WHAT IS REQUIRED:
Set down exactly the lines below, starting at the one that contains "John Jesus The" and ending at the one that contains "INTERGALACTIC MESSENGER SEBASTIAN GLABYOOL |", with both of those lines included and nothing else.

INFORMATION SUPPLIED:

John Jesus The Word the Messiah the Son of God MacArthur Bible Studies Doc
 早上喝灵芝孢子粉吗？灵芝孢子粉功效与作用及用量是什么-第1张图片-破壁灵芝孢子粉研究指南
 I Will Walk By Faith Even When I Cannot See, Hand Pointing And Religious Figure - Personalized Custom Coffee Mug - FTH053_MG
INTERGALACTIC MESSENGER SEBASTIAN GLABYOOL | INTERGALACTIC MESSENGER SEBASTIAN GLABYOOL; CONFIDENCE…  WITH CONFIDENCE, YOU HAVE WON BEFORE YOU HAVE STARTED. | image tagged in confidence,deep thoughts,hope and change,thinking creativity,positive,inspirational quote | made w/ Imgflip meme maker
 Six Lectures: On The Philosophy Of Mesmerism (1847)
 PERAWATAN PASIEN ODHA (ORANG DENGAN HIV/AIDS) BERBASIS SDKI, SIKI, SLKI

...

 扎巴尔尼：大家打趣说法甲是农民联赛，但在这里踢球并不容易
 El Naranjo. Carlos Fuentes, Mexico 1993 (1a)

YOUR RESPONSE:
John Jesus The Word the Messiah the Son of God MacArthur Bible Studies Doc
 早上喝灵芝孢子粉吗？灵芝孢子粉功效与作用及用量是什么-第1张图片-破壁灵芝孢子粉研究指南
 I Will Walk By Faith Even When I Cannot See, Hand Pointing And Religious Figure - Personalized Custom Coffee Mug - FTH053_MG
INTERGALACTIC MESSENGER SEBASTIAN GLABYOOL | INTERGALACTIC MESSENGER SEBASTIAN GLABYOOL; CONFIDENCE…  WITH CONFIDENCE, YOU HAVE WON BEFORE YOU HAVE STARTED. | image tagged in confidence,deep thoughts,hope and change,thinking creativity,positive,inspirational quote | made w/ Imgflip meme maker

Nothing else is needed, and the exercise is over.